-- Exercise material follows --

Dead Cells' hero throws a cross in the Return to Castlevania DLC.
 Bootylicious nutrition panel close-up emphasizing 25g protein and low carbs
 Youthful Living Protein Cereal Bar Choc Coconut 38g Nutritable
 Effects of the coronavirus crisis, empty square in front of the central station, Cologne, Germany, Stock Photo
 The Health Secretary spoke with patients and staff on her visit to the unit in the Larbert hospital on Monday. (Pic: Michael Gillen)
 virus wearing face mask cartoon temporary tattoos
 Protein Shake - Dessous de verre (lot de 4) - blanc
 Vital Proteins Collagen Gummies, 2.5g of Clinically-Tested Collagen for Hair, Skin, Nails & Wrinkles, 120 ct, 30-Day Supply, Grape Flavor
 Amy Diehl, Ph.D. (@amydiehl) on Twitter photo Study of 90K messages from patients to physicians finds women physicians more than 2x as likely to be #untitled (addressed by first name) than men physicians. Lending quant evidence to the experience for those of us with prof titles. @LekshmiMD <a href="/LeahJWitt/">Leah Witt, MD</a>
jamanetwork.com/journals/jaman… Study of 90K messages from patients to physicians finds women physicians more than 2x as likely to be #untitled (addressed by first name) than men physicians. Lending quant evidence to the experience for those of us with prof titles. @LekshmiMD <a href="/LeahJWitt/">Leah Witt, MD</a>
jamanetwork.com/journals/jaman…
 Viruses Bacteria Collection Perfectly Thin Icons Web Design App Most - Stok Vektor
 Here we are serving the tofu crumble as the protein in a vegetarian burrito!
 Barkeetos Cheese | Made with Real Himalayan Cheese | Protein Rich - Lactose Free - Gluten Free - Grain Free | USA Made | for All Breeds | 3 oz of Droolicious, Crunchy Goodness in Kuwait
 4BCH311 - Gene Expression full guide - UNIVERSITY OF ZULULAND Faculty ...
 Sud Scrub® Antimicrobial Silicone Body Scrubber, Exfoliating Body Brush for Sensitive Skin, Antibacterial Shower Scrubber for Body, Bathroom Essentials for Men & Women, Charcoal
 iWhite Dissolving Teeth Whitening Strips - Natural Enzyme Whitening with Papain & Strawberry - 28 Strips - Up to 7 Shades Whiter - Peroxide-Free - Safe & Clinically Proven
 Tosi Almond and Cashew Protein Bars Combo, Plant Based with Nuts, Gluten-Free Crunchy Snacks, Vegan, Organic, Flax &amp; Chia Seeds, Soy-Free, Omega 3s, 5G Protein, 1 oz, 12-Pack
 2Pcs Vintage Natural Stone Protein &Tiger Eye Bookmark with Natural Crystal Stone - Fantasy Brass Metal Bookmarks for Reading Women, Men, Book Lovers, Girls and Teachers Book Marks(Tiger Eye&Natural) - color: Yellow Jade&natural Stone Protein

-- Exercise material concluded --

Only certain lines are wanted. Please return exactly those from the top of the data through the line with "Youthful Living Protein".

* _Answer to this exercise_
Dead Cells' hero throws a cross in the Return to Castlevania DLC.
 Bootylicious nutrition panel close-up emphasizing 25g protein and low carbs
 Youthful Living Protein Cereal Bar Choc Coconut 38g Nutritable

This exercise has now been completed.